Seçimleri boykot edilmesi
gerektiğini ilk önce Haluk Pekşen seslendirdi 7 Mart’ta düzenlediği basın
toplantısında “Türkiye’de sandık ve seçim güvenliğinin ortadan kalktığını
söyleyen Pekşen, “AKP eliyle hukuk çökertilmiştir. Sahte seçmen kayıtlarıyla
olmayan seçmenler yaratılmıştır. Bu şartlar altında yapılacak bir seçim
şaibelidir ve hukuksuzluğu meşrulaştırmaktan başka bir işe yaramaz. Bu seçimler
boykot edilmelidir.”
dedi.
Seçmen ve sandık güvenliğini
tümden yok eden ittifak yasasının 12 Mart’ta bir gece yarısı baskını ile
TBMM’den geçtiği vakitlerde Selin Sayek Böke, Twitter hesabından mesaj paylaştı. “Dün gece
adil ve güvenli seçim yok edildi. Ya izleyeceğiz ya da gerçek bir seçimin
asgari koşulları sağlanana dek boykot ve/veya çekilme seçeneklerini ele
alacağız. Karar hepimizin!” diyerek Haluk
Pekşen’in görüşlerine katıldı.
Daha sonra açıklamasına
açıklık getiren Böke “Biz seçmenimize
güveniyoruz AKP ve kurduğı seçim mekanizmasına güvenmiyoruz.Mesele bu gün
seçimi boykot kararı alma meselesi değil,mesele güvenli seçim için Meclis çalışmalarından
çekilmekten seçim boykotuna tüm seçenekleri değerlendirme meselesidir.”
diyerek geniş çaplı bir mücadele yolu önerdi.
Bu söylemleri dile
getirenlerin CHP parti meclisi üyeleri ve milletvekili kimliği taşıması çok
önemliydi öylede oldu. İttifak
yasası ile seçimlerin güvenilir olmaktan çıkmasının doğal sonucu olarak
muhalefetin önde gelen isimlerinin sandıksal bir gösteride yer almaktansa
seçimlere hiç katılmama isteğini yani boykotu ülke gündemine taşıdı.
Boykot bir sivil itaatsizlik
eylemidir. Evde yan gelip yatma eylemi asla değildir.

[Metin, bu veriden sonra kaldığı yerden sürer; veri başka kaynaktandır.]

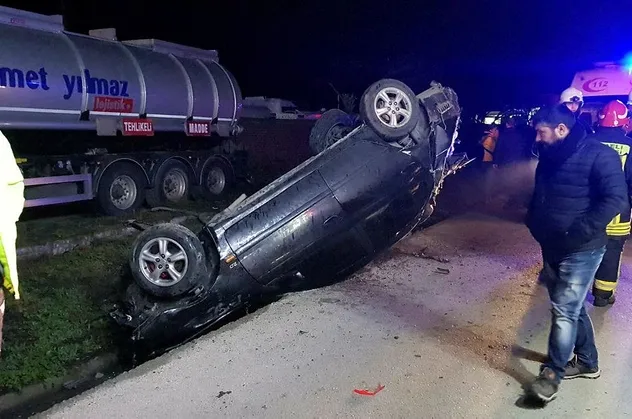 Kocaeli'nin Körfez ilçesinde otomobil su kanalına devrildi: 1 ölü, 2 yaralı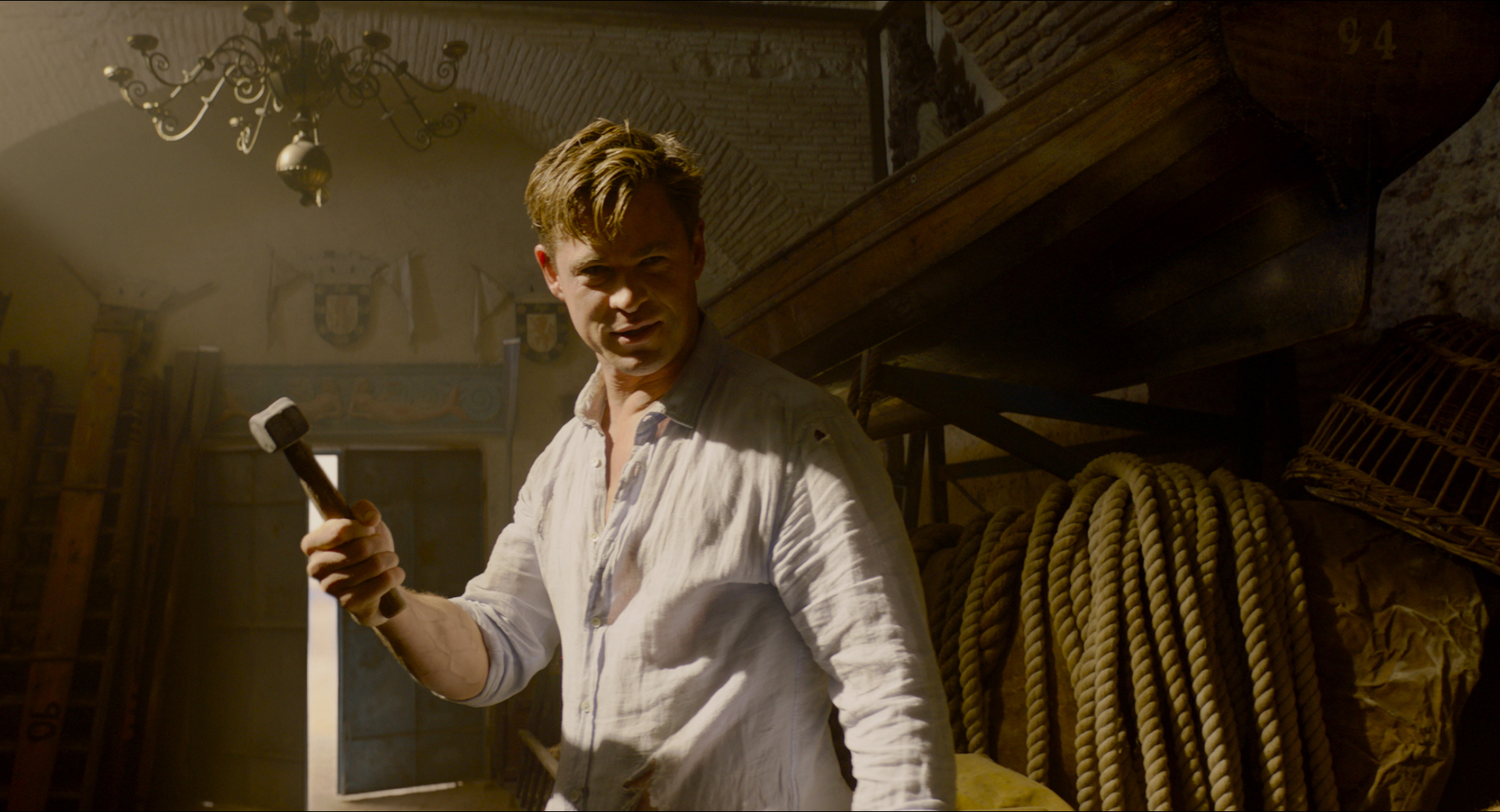 雷神拿起暴风战斧的爆发时刻,雷神霸气登场镜头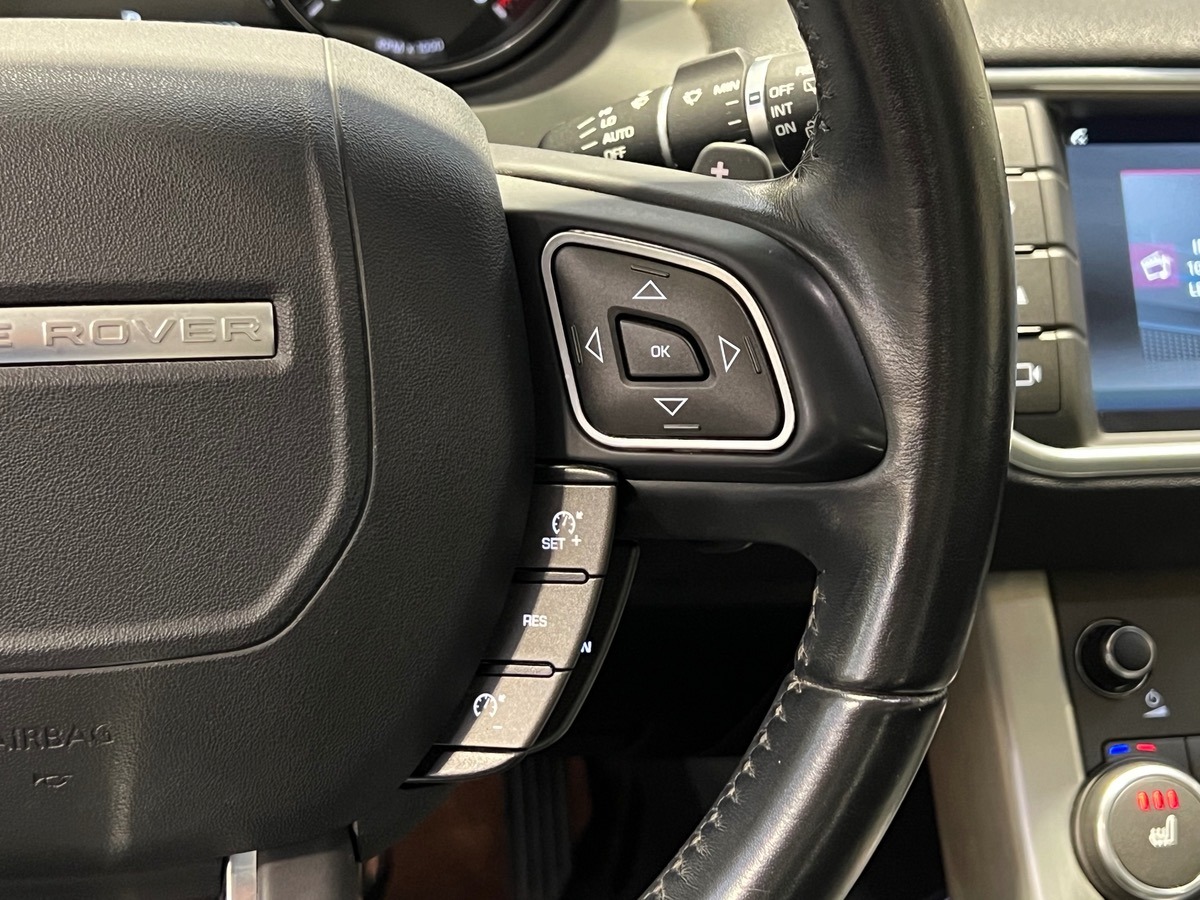 LAND ROVER EVOQUE 2.0L TD4 150CH SE DYNAMIC BVA MARK V TOIT PANO/CAMERA/SIEGES CHAUFF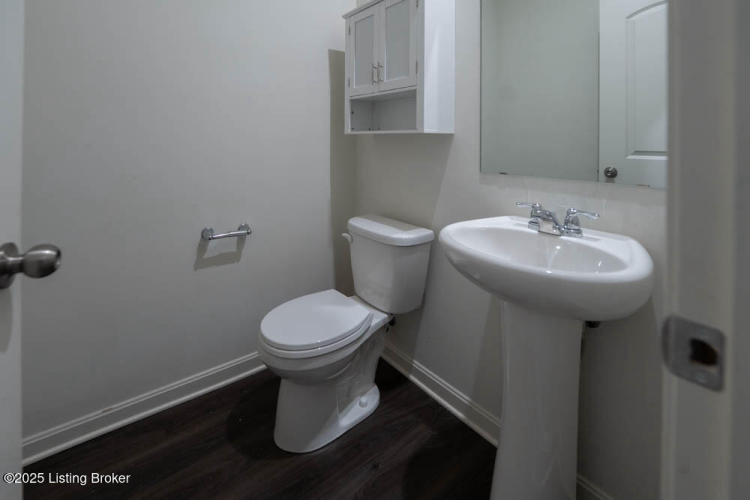 Listing Image 16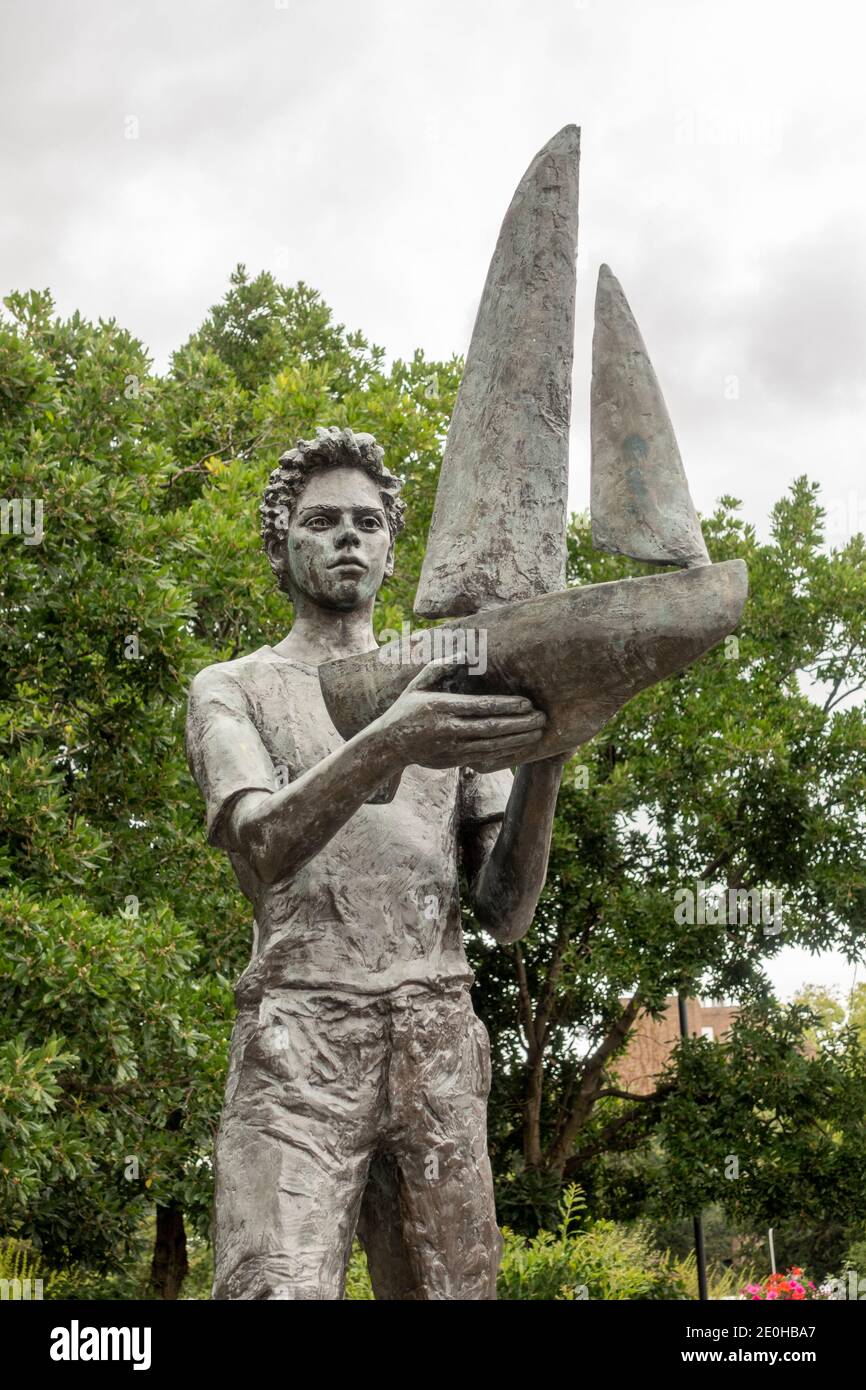La statua di Maidenhead Boy (di Lydia Karpinska) a Maidenhead, Berkshire, Inghilterra. Foto Stock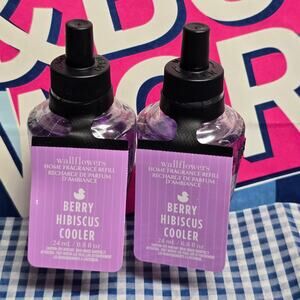 BBW Berry Hibiscus Cooler Wallflower Fragrance Refill Set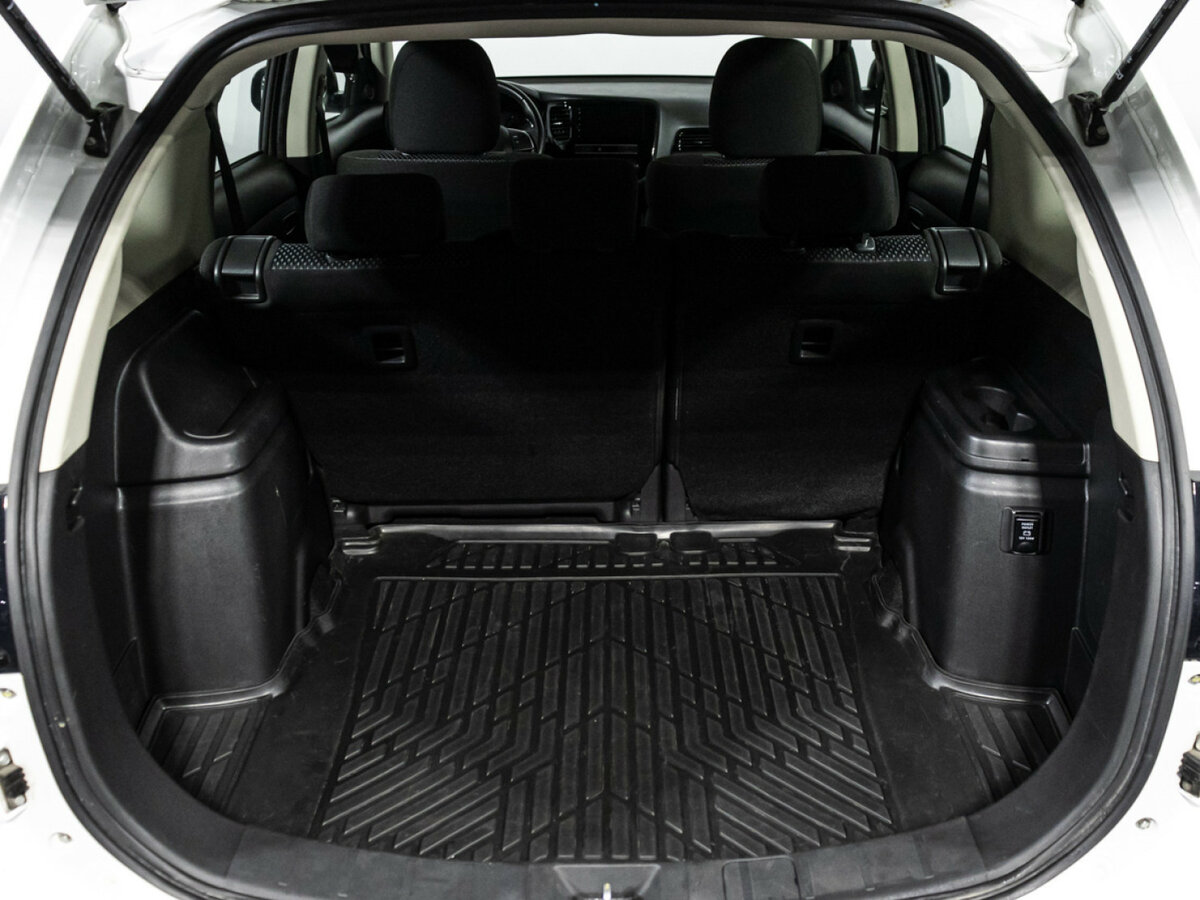 Купить Mitsubishi Outlander с пробегом. Фото: #16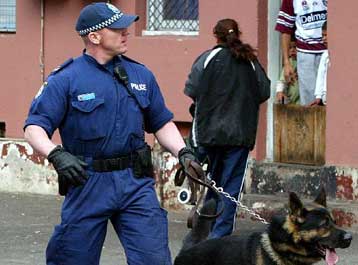 Μαζική επιχείρηση της αστυνομίας της Αυστραλίας κατά της παιδικής  πορνογραφίας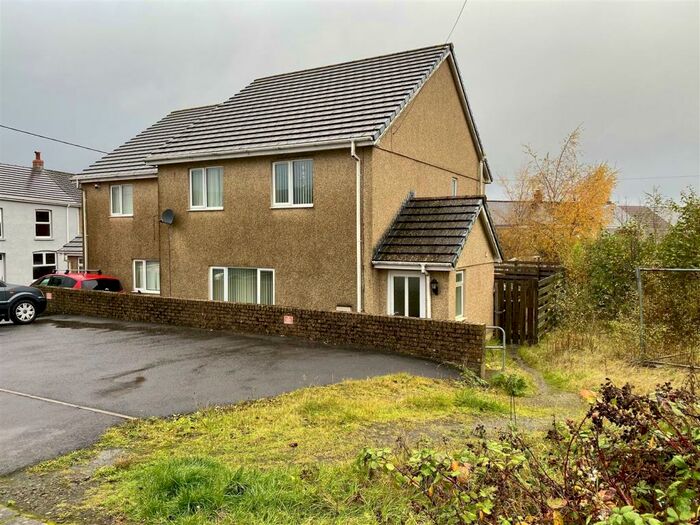 3 Bedroom Semi-Detached House For Sale In Lauderdale Road, Tairgwaith, Ammanford, SA18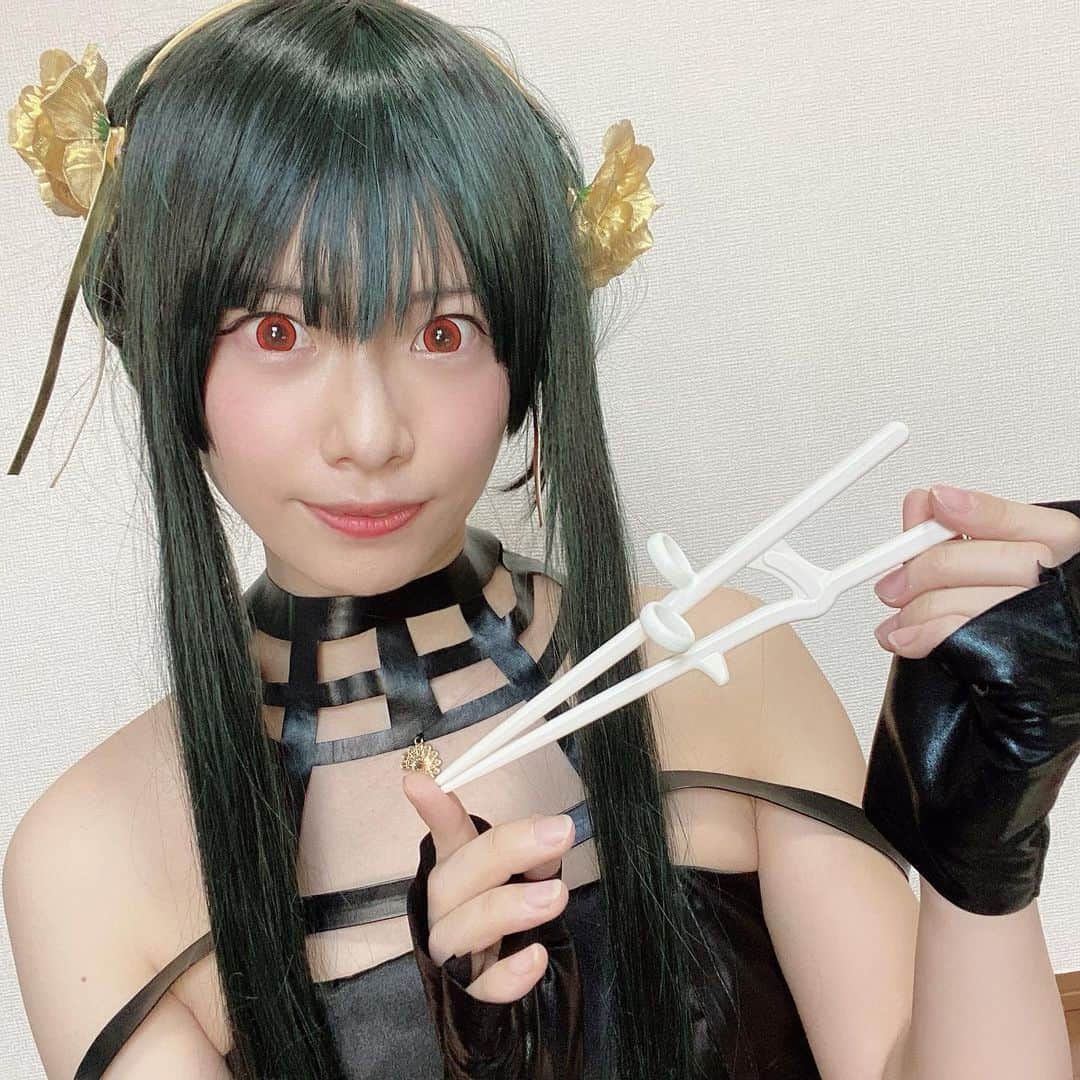 天津いちはさんのインスタグラム写真 - (天津いちはInstagram)「エジソンのお箸20周年おめでとうございます🎉 私も発信活動を始めてから指摘にて自分の箸の持ち方が良くないことに気付き、2年ほど前から使っています！ かなり癖が直ってたと思うので今度披露できたらと思っています😉🥢  お箸の持ち方は気にされる方も多い部分かと思うので、何歳であっても美しく持てた方が良い！と思っています。 これから橋の持ち始める方はもちろん、 以前の私の様に自己流の持ち方が癖になってしまっている大人の箸の持ち方の矯正にもおすすめです🥢  PR @official_edisonmama #トレーニング箸 #しつけ箸 #お箸の練習 #お箸トレーニング #育児グッズ #エジソンのお箸 #トリドリベース #エジソンママ #お箸の練習 #エジソンのお箸20周年」6月30日 20時46分 - ichichiha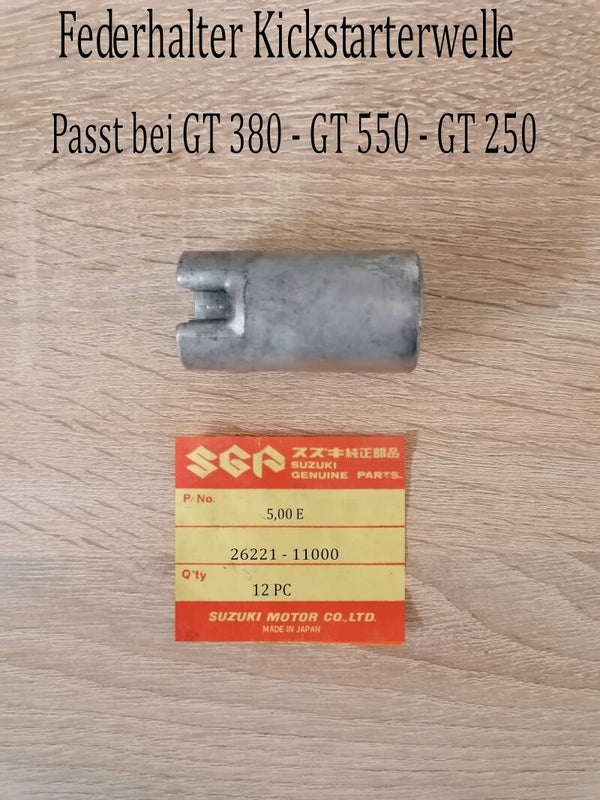 Suzuki GT 550 Federhalter Kickstarterwelle gebraucht.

Seçimleri boykot,belki de
seçim kampanyasından daha da zor olan bir eylem türüdür.
Hazırlık,moral,kitleleri yönlendirme,ya kazanırsak söylemine karşı sorumluluğu
alma bunu izah etme toplumsal desteği alarak matematiksel çoğunluğu boykota
yönlendirme gibi daha bir çok yöntemleri beraberinde taşıyan ciddi bir
eylemdir.
Boykotun başarı olup
sandıksal gösteriye katılımın çok düşük seviyelerde kalması,elbette sözde seçim
kazanan Diktatoryal yapıyı zora sokacak ve meşrutiyetini tüm dünyada sorgulanır
hale getirecektir.
Boykot ve benzeri eylem
önerilere, Kemal Kılıçdaroğlu gibi “kazanacağımız seçimi neden boykot edelim
ki” diyerek karşı çıkmak siyasal mücadele geçmişi olmayan mücadele
çeşitliliğine sahip olmayan siyasi kişilerin söyleyebileceği sözdür.
Sanki girdiği sekiz seçimi
kaybeden,16 Nisan referandumunda YSK eliyle yapılan hileye gerektiği gibi karşı
durmayarak ülkenin bu günkü duruma
gelmesinde katkısı olan
kendisi değilmiş gibi “kazanacağımız seçimi neden boykot edelim ki” demesine
belki de kendiside için/için gülmüştür.
CHP bu güne kadar Erdoğan’ın “ben
yaptım oldu” türünden saymakla bitmez gayri meşru uygulamalarına karşı pasif
tutumundan dolayı denetim mekanizmalarını çalıştıramamıştır. Bu yüzden CHP’nin
kurumsal genel başkanından ciddi bir dik duruş beklenmesin.
Boykot,tıkanan mekanizmaları
açan bir yol yöntem olabilir olurda. Yalnız boykot söylemi bireysel çıkışlardan
ziyade siyasal yapıların ki bu yapı ittifak adı altında Erdoğan himayesine
girmeyen diğer tüm siyasi partiler ve STK’ların katılımı ile oluşturulan yapıdır.Eğer ki seçimler demokratik zeminde şeffaf eşit adil şartlarda yapılmıyorsa güven
tamamen kaybolmuşsa boykot bir seçenektir.